Your reply should be the entries, output word for word, with each picture omitted.

::::

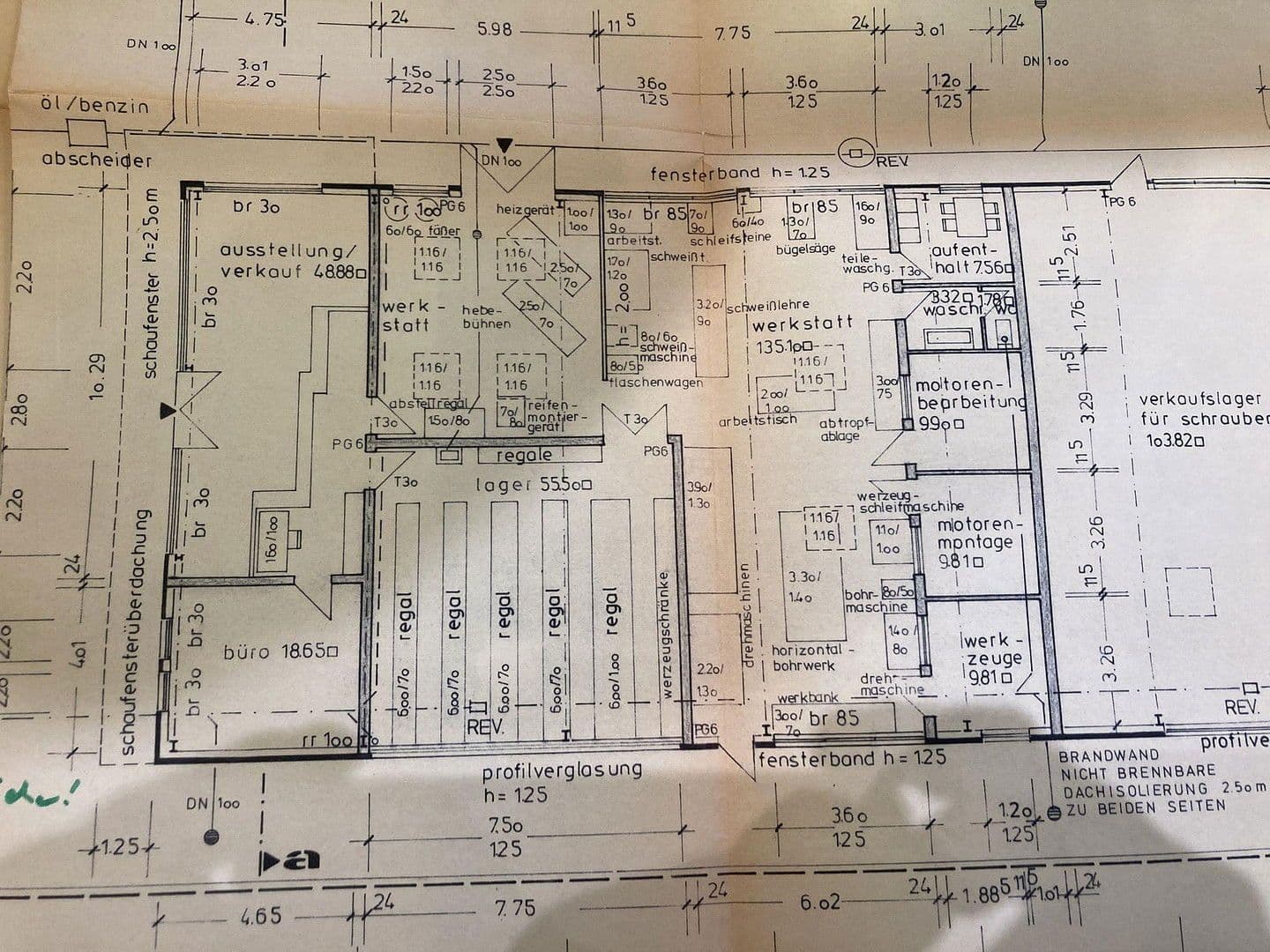 Predaj nebytového priestoru 2.400 m², Carl-Zeiss-Straße 16, Alsdorf, Severné Porýnie - Westfálsko Predaj nebytového priestoru 2.400 m², Carl-Zeiss-Straße 16, Alsdorf, Severné Porýnie - Westfálsko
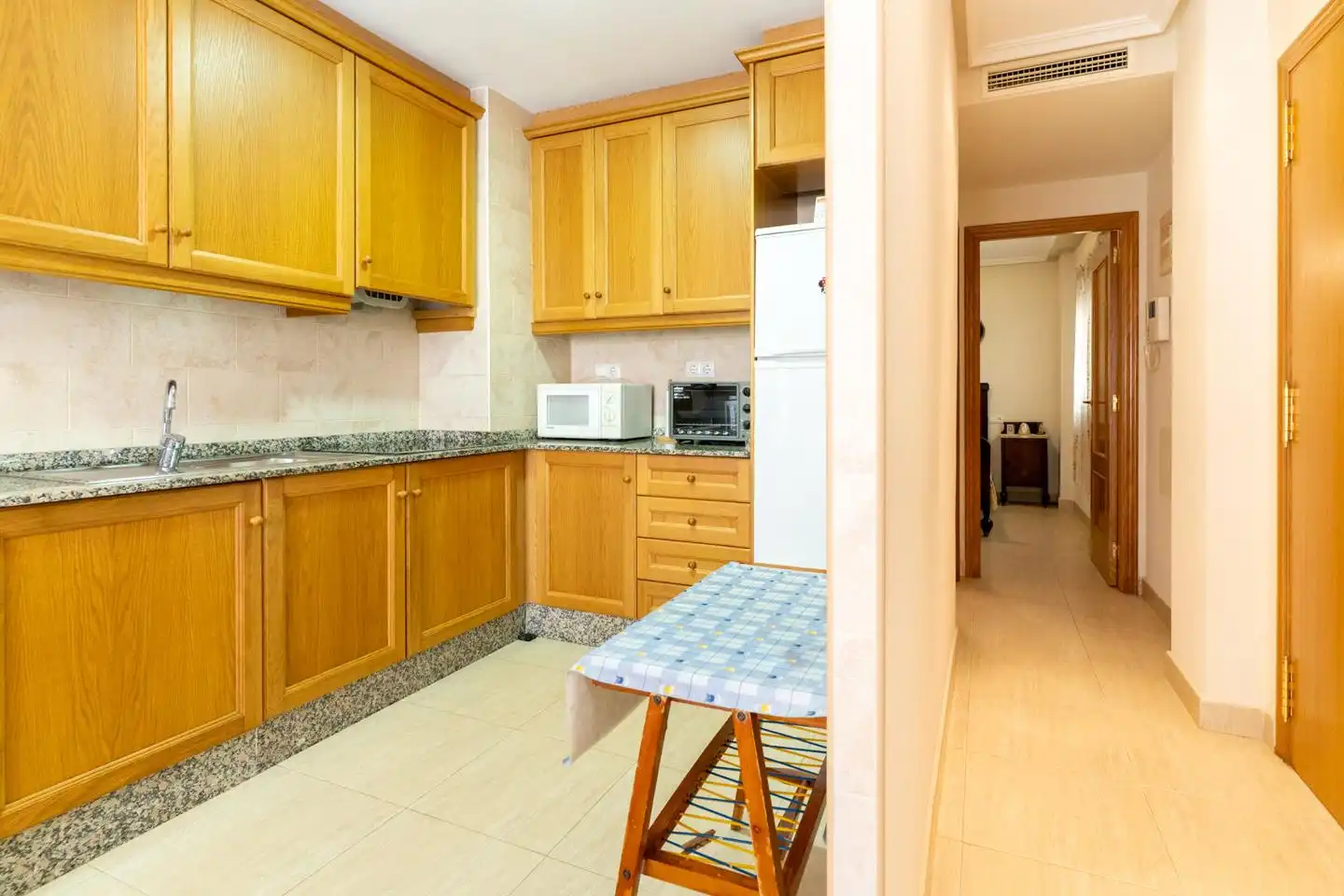 Cocina de Apartamento en venta en Santa Pola con Terraza, Trastero y Amueblado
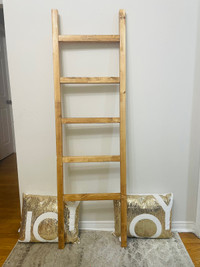Decorative blanket ladder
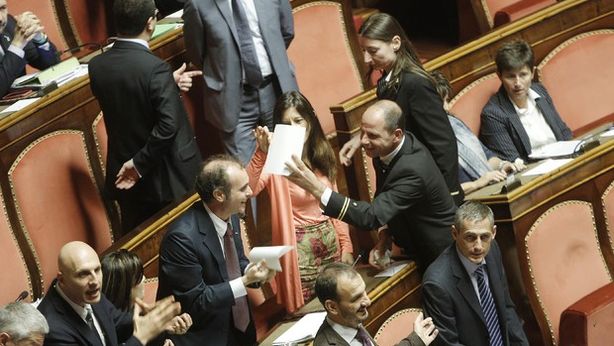Senato in mano agli ultrà, governo incassa la fiducia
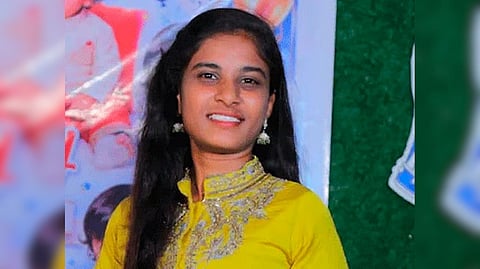 தற்கொலை என நினைத்த மரணம்... 20 வயது மாணவியின் மரணத்தில் Lecturer மீது கொலை குற்றச்சாட்டு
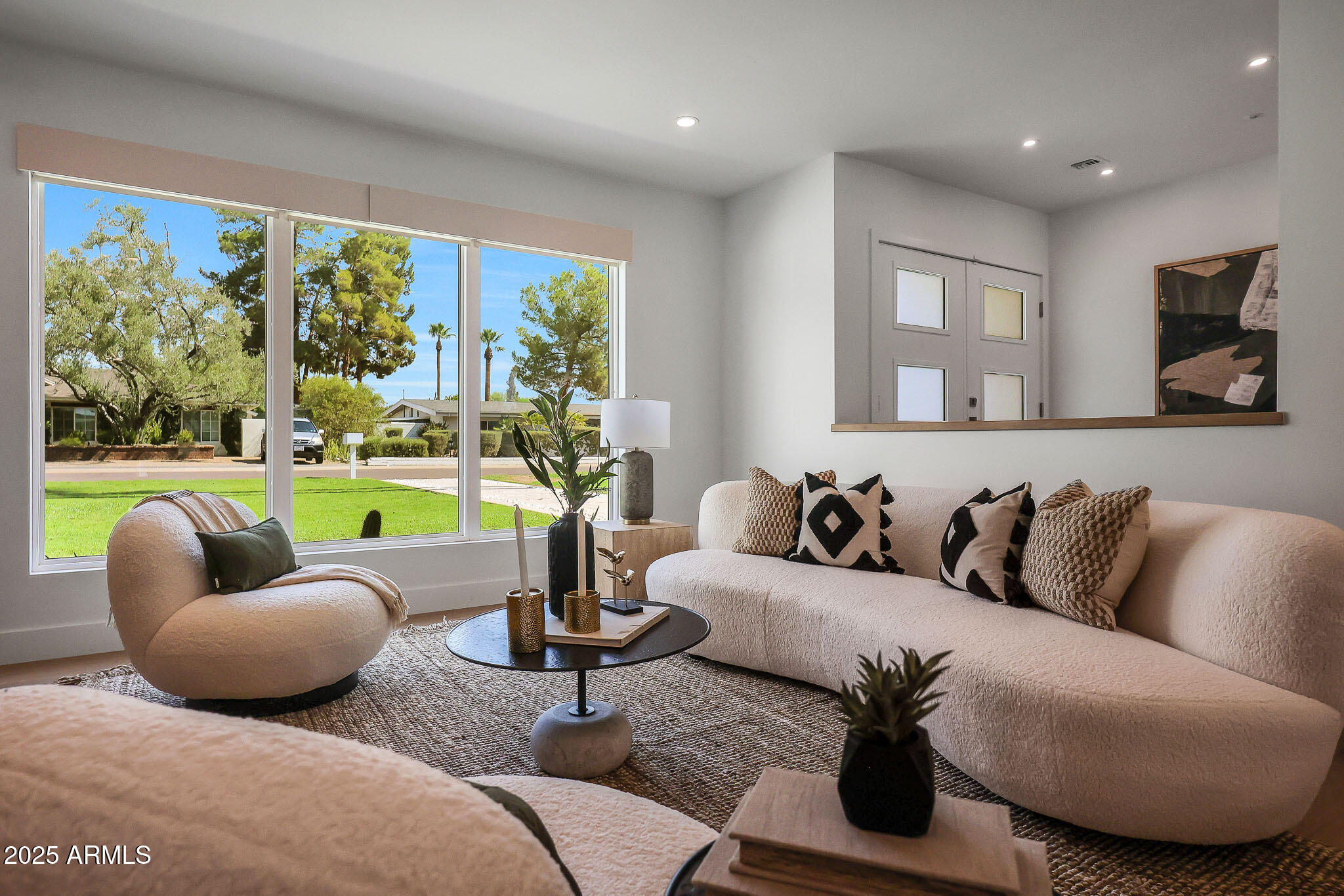 7411 E VISTA Drive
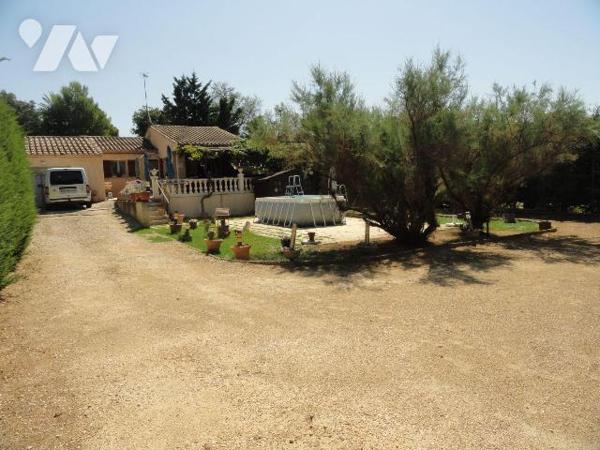  SPECIAL INVESTISSEMENT LOCATIF. VILLA de plain-pied proche de toutes commodités se composant d...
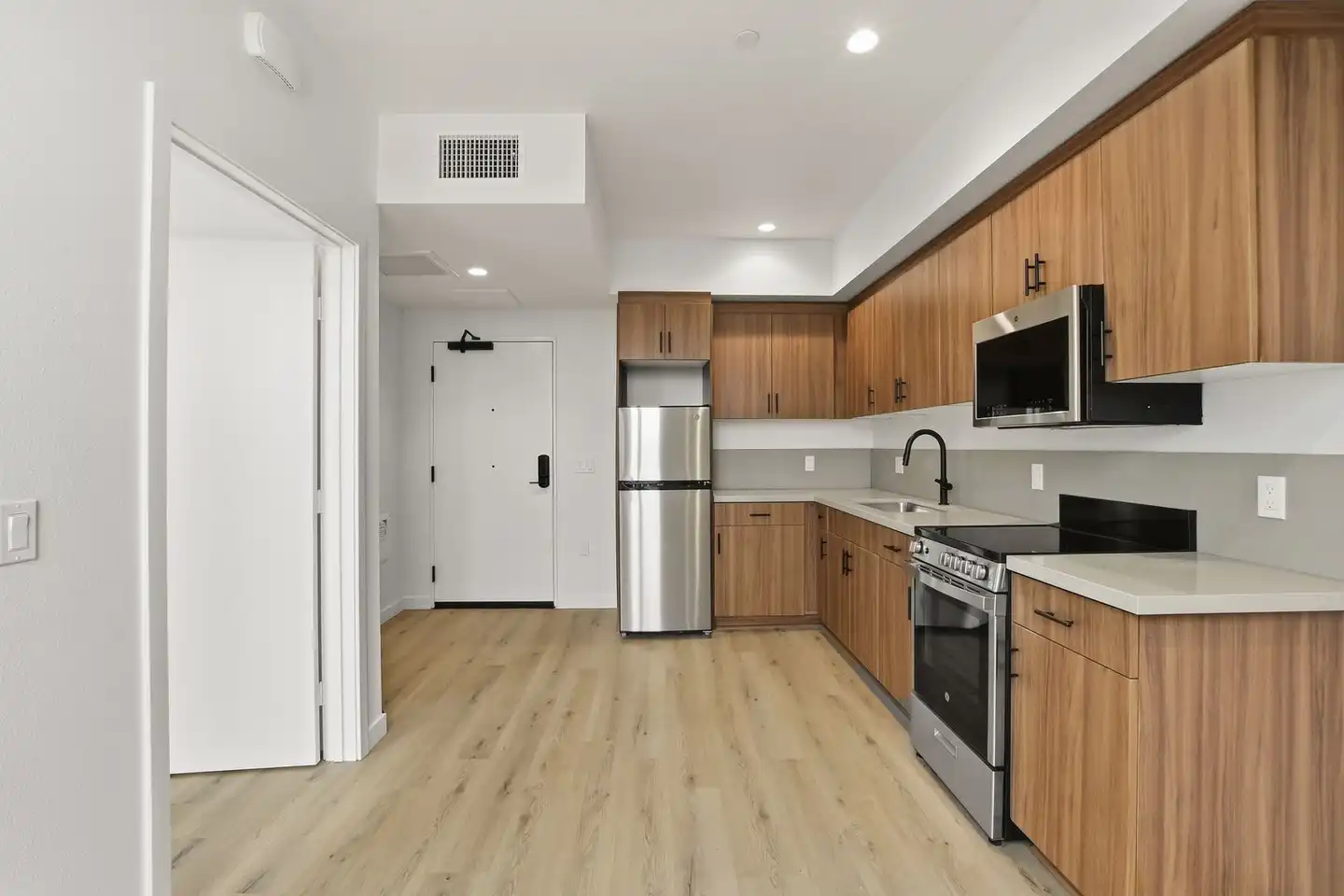3180 Imperial Ave unit Unit 201 photo 4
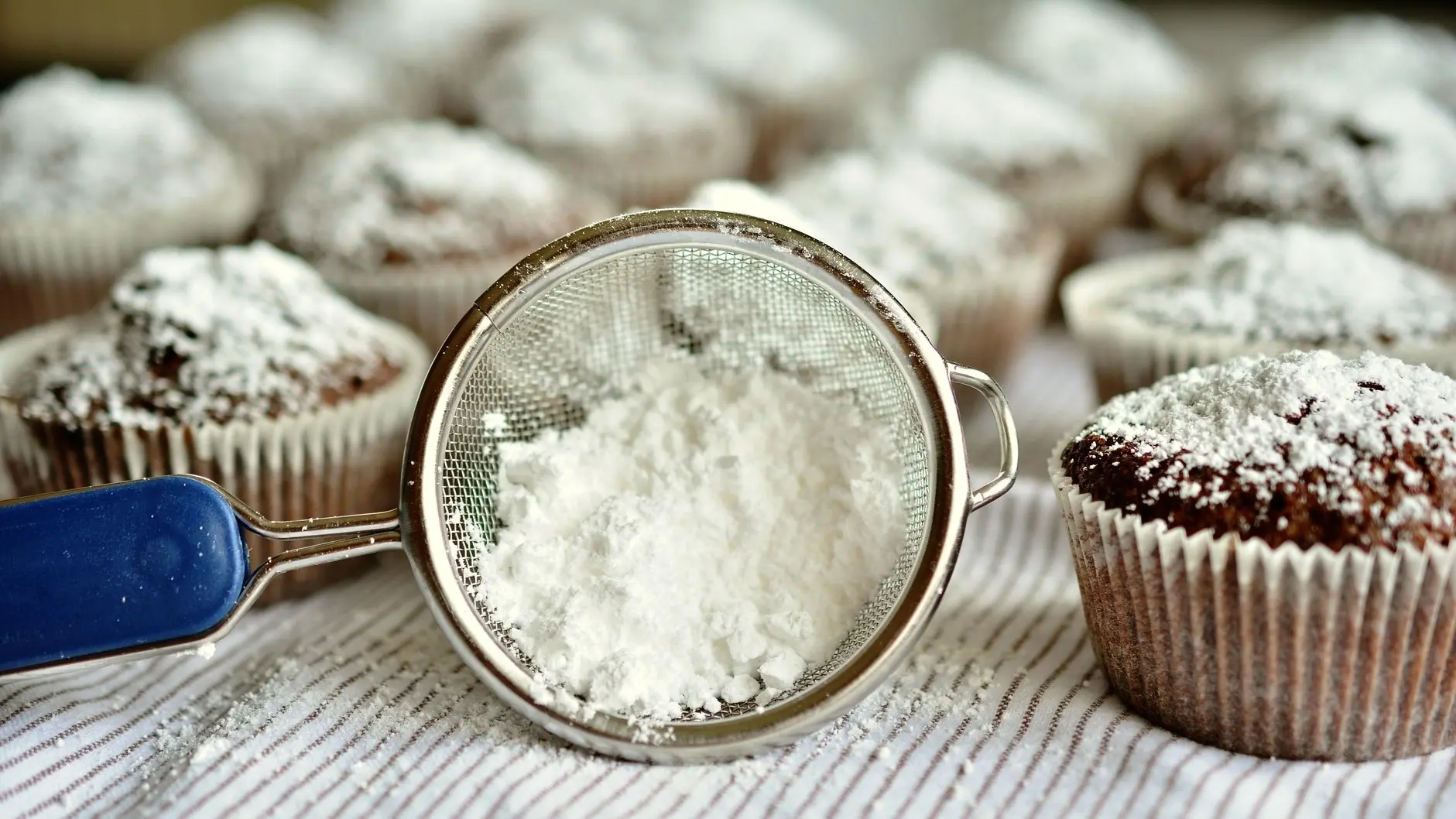 المُحليات الصناعية: "خالٍ من السكر" لا ينفي المخاطر.. هل تزيد احتمالية الإصابة بالسرطان؟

::::

→ EXERCISE RESPONSE
 Predaj nebytového priestoru 2.400 m², Carl-Zeiss-Straße 16, Alsdorf, Severné Porýnie - Westfálsko Predaj nebytového priestoru 2.400 m², Carl-Zeiss-Straße 16, Alsdorf, Severné Porýnie - Westfálsko
 Cocina de Apartamento en venta en Santa Pola con Terraza, Trastero y Amueblado
Decorative blanket ladder
Senato in mano agli ultrà, governo incassa la fiducia
 தற்கொலை என நினைத்த மரணம்... 20 வயது மாணவியின் மரணத்தில் Lecturer மீது கொலை குற்றச்சாட்டு
 7411 E VISTA Drive
  SPECIAL INVESTISSEMENT LOCATIF. VILLA de plain-pied proche de toutes commodités se composant d...
3180 Imperial Ave unit Unit 201 photo 4
 المُحليات الصناعية: "خالٍ من السكر" لا ينفي المخاطر.. هل تزيد احتمالية الإصابة بالسرطان؟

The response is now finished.